A patch for this bug has been committed. After review, it may
be pushed to the relevant source trees for release in the next
version. You can access the patch from:

  http://lists.mysql.com/commits/24069

ChangeSet@1.2545, 2007-04-09 19:26:51+03:00, aelkin@dsl-hkibras1-ff1dc300-249.dhcp.inet.fi +1 -0
  Bug #27583 slave sql fails to read from iocache when slave got stopped at pos==4
  
  showed up in set of tests rpl_start_stop_slave.test,  rpl_row_create_table.test, rpl000017.test
  as failure of slave sql thread to read from iocache when slave got stopped having read only first 4 bytes
  from the master binlog.
  
  Appeared to be forgotten assignment to rpl->group_relay_log_name. If the group pos is changed at that particur
  place a similar change should happen to the group log name in step.
  After the fix slave might safely stop and relay log info will consists of correct pair 
  (relay log_name, relay log_pos).
  The correct relay log info is the guarantee that slave will restart w/o the problem.
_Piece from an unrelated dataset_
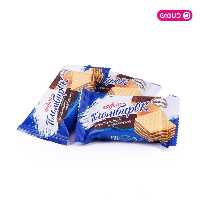 شکلات خارجی ویفر روسی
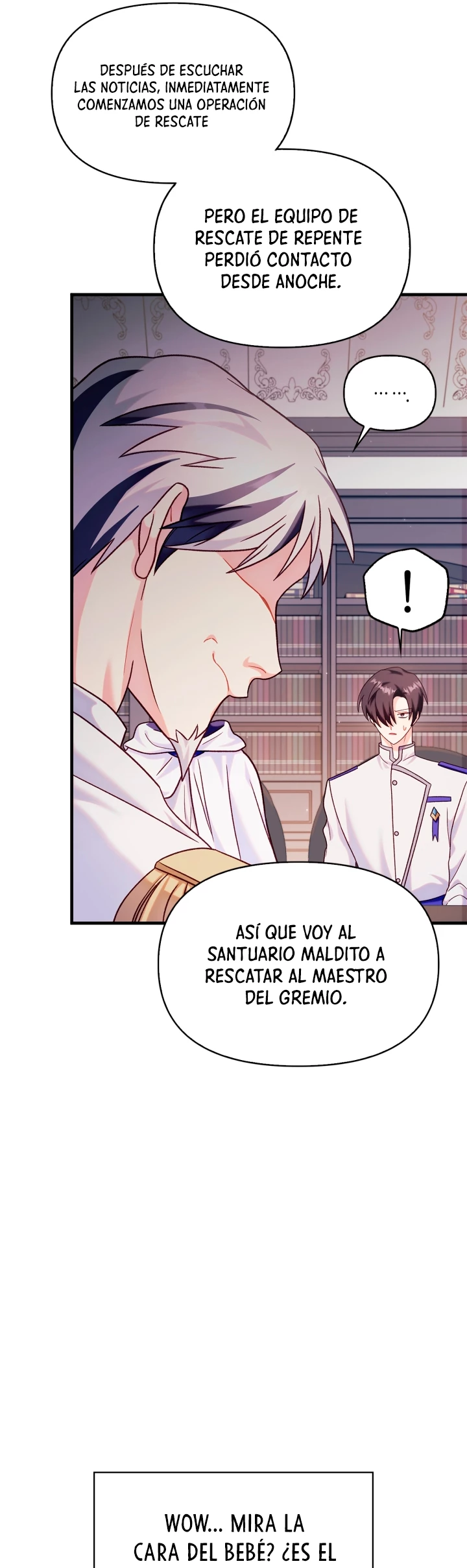 Manual de instrucciones del Reencarnado > Capitulo 55 > Page 261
A patch for this bug has been committed. After review, it may
be pushed to the relevant source trees for release in the next
version. You can access the patch from:

  http://lists.mysql.com/commits/24262

ChangeSet@1.2548, 2007-04-11 11:10:14+02:00, mats@romeo.(none) +1 -0
  BUG#27583 (slave sql fails to read from iocache when slave got
  stopped at pos==4):
  
  Submitting patch on behalf of Andrei, who discovered the problem
  and provided the patch.
  
  An update of the group relay log coordinates when rotating forgot to
  update the group relay log name and only updated the group relay log
  position (and group master log name and position).
  
  This patch adds code to update the group relay log *name* as well as
  the position

Pushed into 5.1.18-beta

Noted in 5.1.18 changelog.

Group relay log rotation updated only the log position and not the
name, causing the slave to stop.

A patch for this bug has been committed. After review, it may
be pushed to the relevant source trees for release in the next
version. You can access the patch from:

  http://lists.mysql.com/commits/29176

ChangeSet@1.2494, 2007-06-20 13:21:16+03:00, aelkin@dsl-hkibras1-ff5dc300-70.dhcp.inet.fi +1 -0
  Bug #27583 slave sql fails to read from iocache when slave got stopped at pos==4
  
  forgotten merge with 5.0. There can be some bugs waiting for this fix in 5.0 like Bug@29232

Pushed into 5.0.46

Pushed into 5.1.20-beta